INSTRUCTIONS TO FOLLOW
Look below for the line that has "FULLDIAMOND BRACELET GOLD". Set down the lines from there through the line that has "Deck at PL BSK, Grace", exactly as written.

[RECORD EXTRACTS]

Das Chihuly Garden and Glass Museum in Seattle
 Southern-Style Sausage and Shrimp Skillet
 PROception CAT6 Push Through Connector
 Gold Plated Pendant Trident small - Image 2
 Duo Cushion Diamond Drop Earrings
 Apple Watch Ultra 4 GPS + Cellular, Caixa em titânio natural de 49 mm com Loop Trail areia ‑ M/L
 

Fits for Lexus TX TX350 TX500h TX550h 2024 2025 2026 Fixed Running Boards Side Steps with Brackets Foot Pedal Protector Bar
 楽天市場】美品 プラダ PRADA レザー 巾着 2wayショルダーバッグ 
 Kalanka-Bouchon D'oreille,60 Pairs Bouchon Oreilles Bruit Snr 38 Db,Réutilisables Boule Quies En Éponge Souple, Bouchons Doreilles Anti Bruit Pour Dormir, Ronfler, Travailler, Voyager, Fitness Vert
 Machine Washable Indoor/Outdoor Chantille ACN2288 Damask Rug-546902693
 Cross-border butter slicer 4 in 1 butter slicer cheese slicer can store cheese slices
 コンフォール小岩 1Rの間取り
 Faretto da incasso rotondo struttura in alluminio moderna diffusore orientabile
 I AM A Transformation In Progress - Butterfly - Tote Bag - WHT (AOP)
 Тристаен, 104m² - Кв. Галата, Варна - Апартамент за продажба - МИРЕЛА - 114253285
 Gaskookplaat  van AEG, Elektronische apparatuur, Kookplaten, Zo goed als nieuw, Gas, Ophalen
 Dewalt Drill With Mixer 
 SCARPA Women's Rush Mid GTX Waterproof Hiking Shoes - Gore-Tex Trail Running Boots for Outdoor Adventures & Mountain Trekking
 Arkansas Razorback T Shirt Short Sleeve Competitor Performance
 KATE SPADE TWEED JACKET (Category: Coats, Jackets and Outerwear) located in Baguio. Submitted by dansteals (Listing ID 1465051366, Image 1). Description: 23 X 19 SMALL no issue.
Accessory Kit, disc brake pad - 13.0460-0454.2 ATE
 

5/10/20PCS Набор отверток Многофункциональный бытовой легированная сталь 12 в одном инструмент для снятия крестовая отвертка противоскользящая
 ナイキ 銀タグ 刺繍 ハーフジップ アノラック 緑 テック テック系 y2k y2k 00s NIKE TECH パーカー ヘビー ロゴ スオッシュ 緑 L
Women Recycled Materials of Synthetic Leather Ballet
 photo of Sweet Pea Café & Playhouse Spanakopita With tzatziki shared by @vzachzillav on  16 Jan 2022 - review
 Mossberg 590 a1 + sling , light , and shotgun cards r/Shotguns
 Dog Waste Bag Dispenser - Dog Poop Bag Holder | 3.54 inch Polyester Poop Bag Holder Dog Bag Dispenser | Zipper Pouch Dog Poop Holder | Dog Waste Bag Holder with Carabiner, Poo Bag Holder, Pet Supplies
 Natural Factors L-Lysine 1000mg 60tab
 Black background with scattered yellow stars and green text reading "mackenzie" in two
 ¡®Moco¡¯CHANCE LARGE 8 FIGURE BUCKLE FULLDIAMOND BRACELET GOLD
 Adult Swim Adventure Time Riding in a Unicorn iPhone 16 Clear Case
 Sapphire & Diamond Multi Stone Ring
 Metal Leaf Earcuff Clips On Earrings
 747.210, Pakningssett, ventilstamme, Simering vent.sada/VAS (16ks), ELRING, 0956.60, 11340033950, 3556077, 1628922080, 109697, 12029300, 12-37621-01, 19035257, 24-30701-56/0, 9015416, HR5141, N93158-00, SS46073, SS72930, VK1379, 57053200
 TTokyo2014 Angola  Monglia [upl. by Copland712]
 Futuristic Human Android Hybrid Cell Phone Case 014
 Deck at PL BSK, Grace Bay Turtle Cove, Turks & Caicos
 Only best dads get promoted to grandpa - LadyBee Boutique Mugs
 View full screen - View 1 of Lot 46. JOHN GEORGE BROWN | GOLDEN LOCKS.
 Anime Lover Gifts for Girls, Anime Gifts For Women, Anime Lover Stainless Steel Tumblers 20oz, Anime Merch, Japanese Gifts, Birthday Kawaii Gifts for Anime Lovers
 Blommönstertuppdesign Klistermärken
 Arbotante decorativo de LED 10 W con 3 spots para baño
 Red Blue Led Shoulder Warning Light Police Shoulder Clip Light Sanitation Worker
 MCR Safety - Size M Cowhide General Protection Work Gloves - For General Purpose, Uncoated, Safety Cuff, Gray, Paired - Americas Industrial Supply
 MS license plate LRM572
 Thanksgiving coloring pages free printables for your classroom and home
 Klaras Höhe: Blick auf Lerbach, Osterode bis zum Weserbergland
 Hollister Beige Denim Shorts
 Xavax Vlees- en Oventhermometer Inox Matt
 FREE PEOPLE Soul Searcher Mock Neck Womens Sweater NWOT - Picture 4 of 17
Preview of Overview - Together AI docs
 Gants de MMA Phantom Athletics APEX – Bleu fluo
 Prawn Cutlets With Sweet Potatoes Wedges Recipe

[/RECORD EXTRACTS]

SOLUTION
 ¡®Moco¡¯CHANCE LARGE 8 FIGURE BUCKLE FULLDIAMOND BRACELET GOLD
 Adult Swim Adventure Time Riding in a Unicorn iPhone 16 Clear Case
 Sapphire & Diamond Multi Stone Ring
 Metal Leaf Earcuff Clips On Earrings
 747.210, Pakningssett, ventilstamme, Simering vent.sada/VAS (16ks), ELRING, 0956.60, 11340033950, 3556077, 1628922080, 109697, 12029300, 12-37621-01, 19035257, 24-30701-56/0, 9015416, HR5141, N93158-00, SS46073, SS72930, VK1379, 57053200
 TTokyo2014 Angola  Monglia [upl. by Copland712]
 Futuristic Human Android Hybrid Cell Phone Case 014
 Deck at PL BSK, Grace Bay Turtle Cove, Turks & Caicos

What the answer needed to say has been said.